→ Work to complete: Find the line with "Hotel Refresh Blue Hikkaduwa Esterno foto" in the records below, then please transcribe it and every later line exactly, omitting the pictures and adding nothing.

Data for this exercise Start Marker

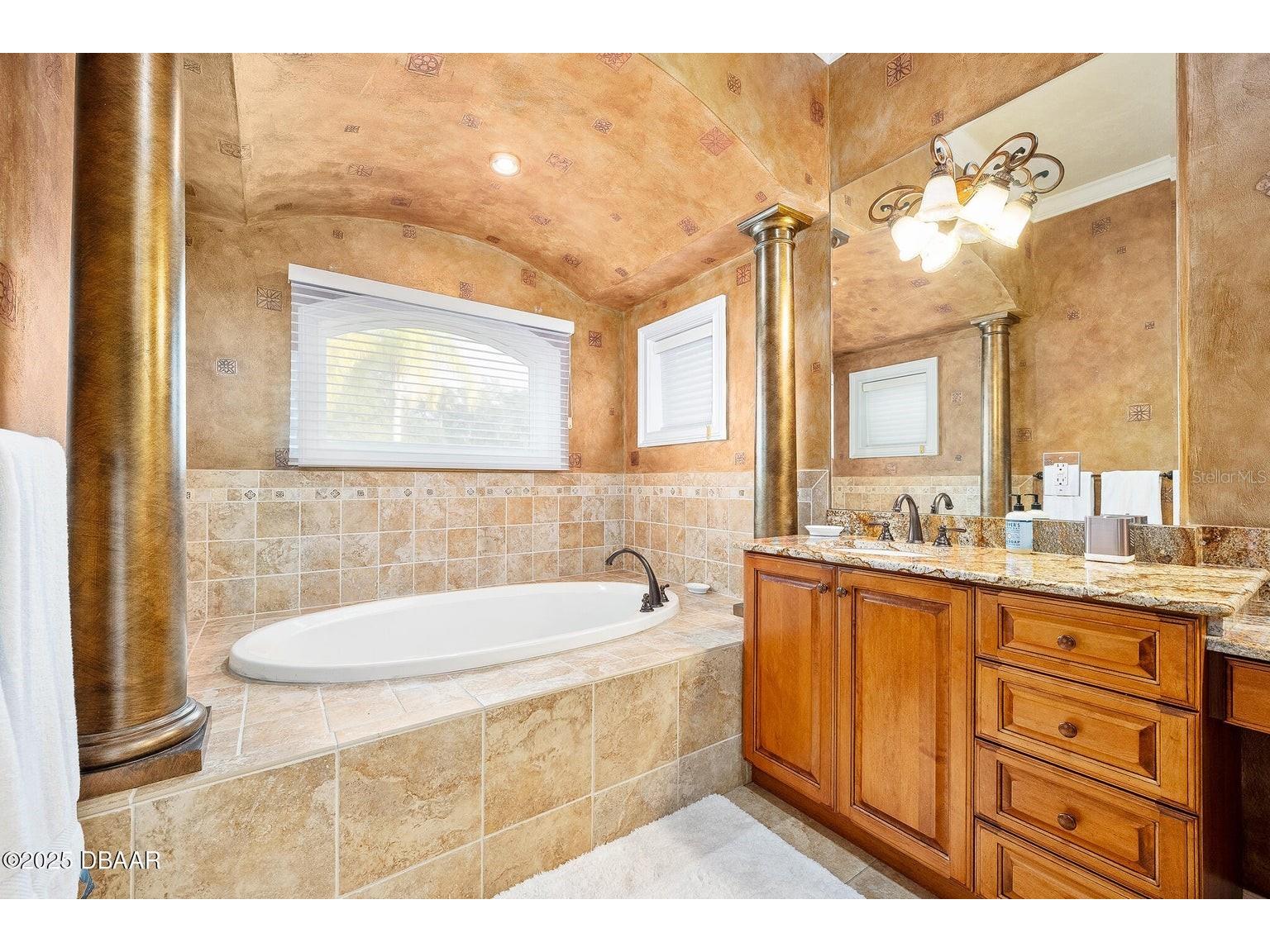 602 Tomoka Avenue Ormond Beach FL 32174 FC317608 image82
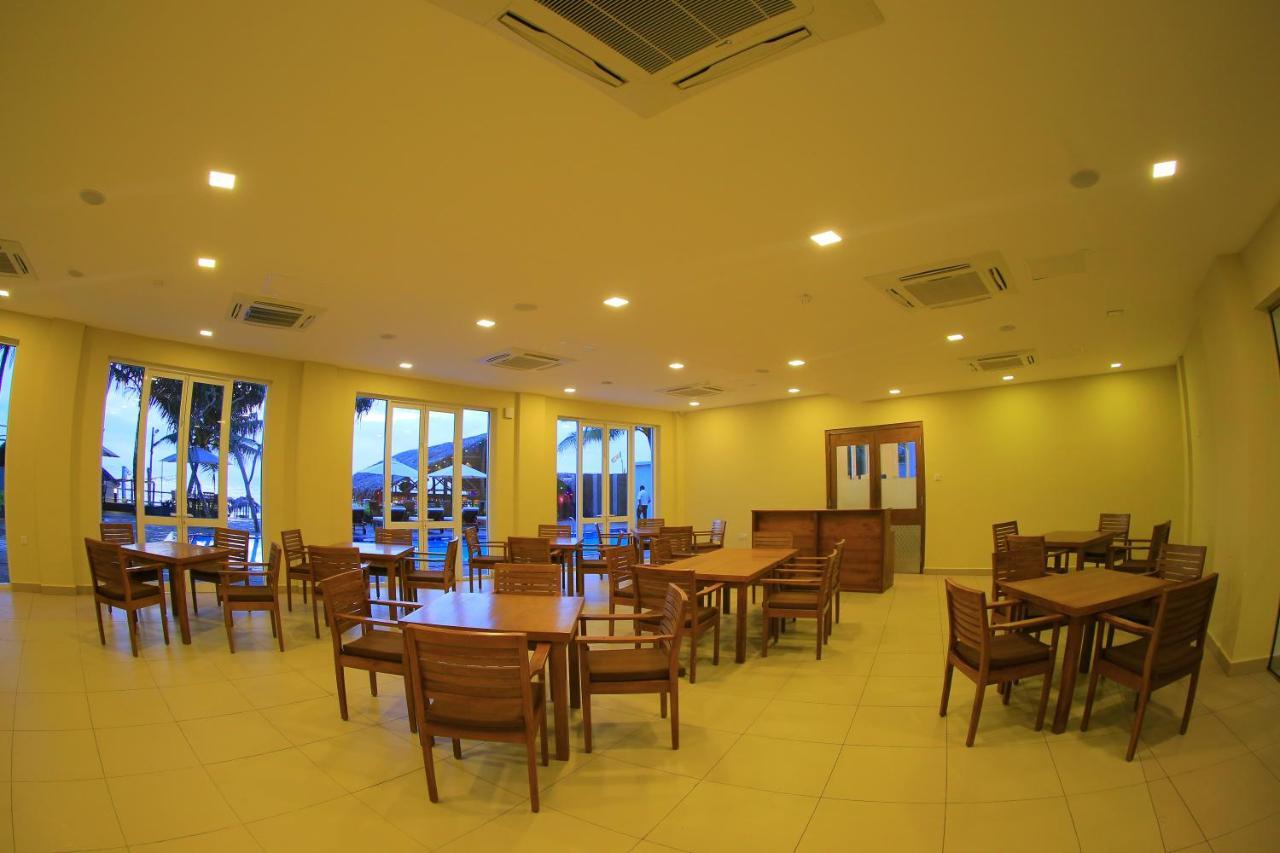 Hotel Refresh Blue Hikkaduwa Esterno foto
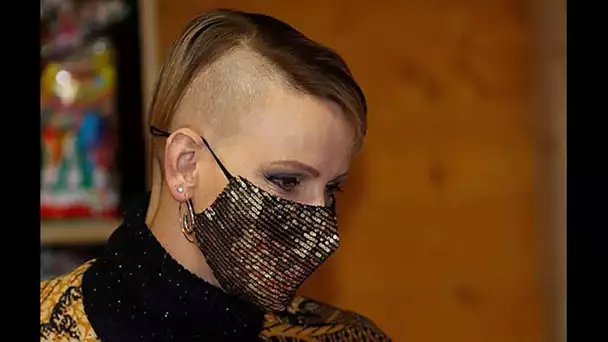 Charlène de Monaco se rase la tête et fait une coupe punk.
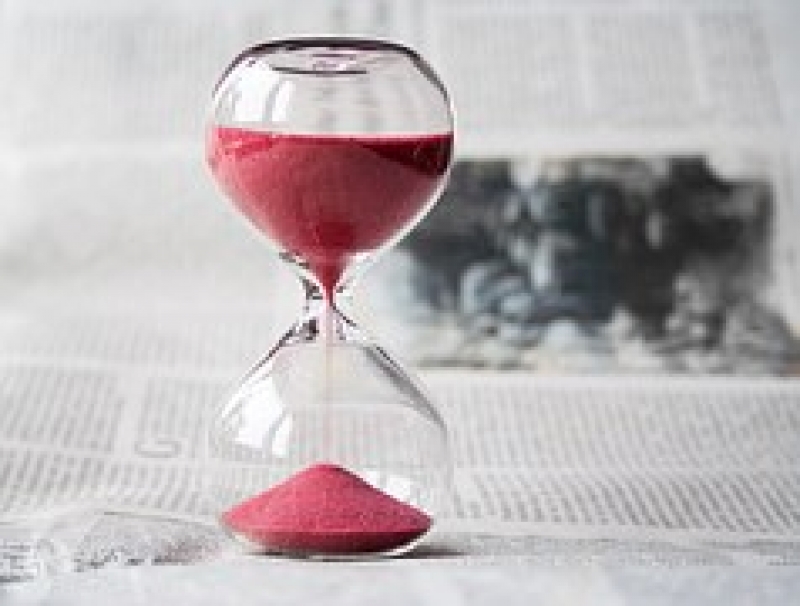 De ce avem impresia că timpul trece mai repede pe măsură ce îmbătrânim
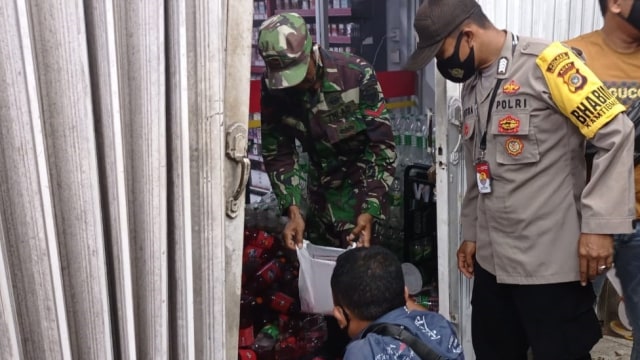 Polisi menyelidiki motif dan menelusuri pelempar bom molotov ke swalayan Alfamart di Aceh Utara. Foto: Dok. Polres Lhokseumawe 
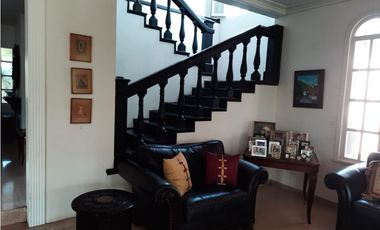 VENDO CASA LA ALAMEDA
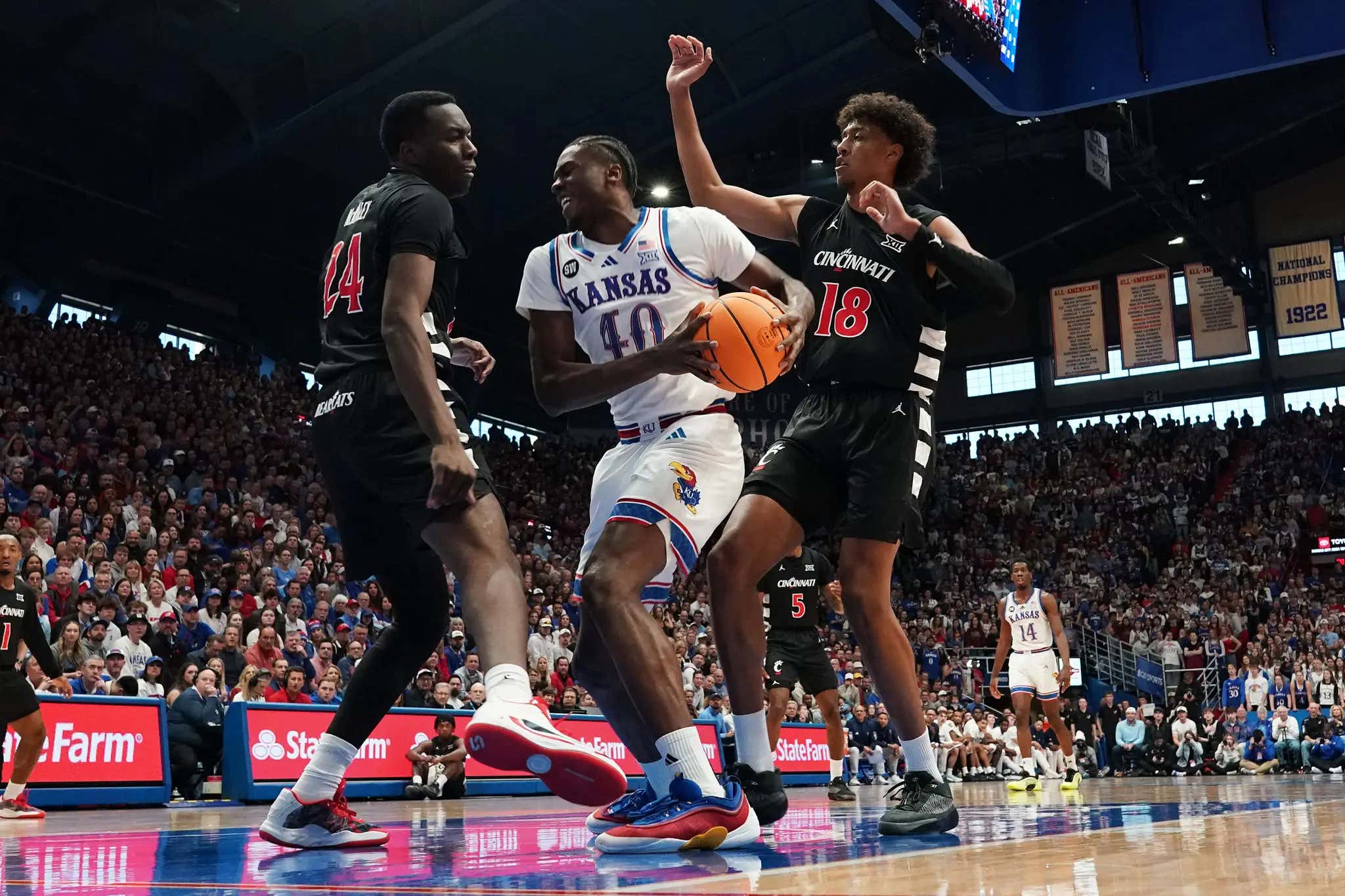 Kansas Was So Bad Today That Cincinnati Beating Them In Phog Allen Snapped Streaks That Go Back 53 Years And 425 Games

Data for this exercise End Marker

→ Written answer:
 Hotel Refresh Blue Hikkaduwa Esterno foto
 Charlène de Monaco se rase la tête et fait une coupe punk.
 De ce avem impresia că timpul trece mai repede pe măsură ce îmbătrânim
 Polisi menyelidiki motif dan menelusuri pelempar bom molotov ke swalayan Alfamart di Aceh Utara. Foto: Dok. Polres Lhokseumawe 
 VENDO CASA LA ALAMEDA
 Kansas Was So Bad Today That Cincinnati Beating Them In Phog Allen Snapped Streaks That Go Back 53 Years And 425 Games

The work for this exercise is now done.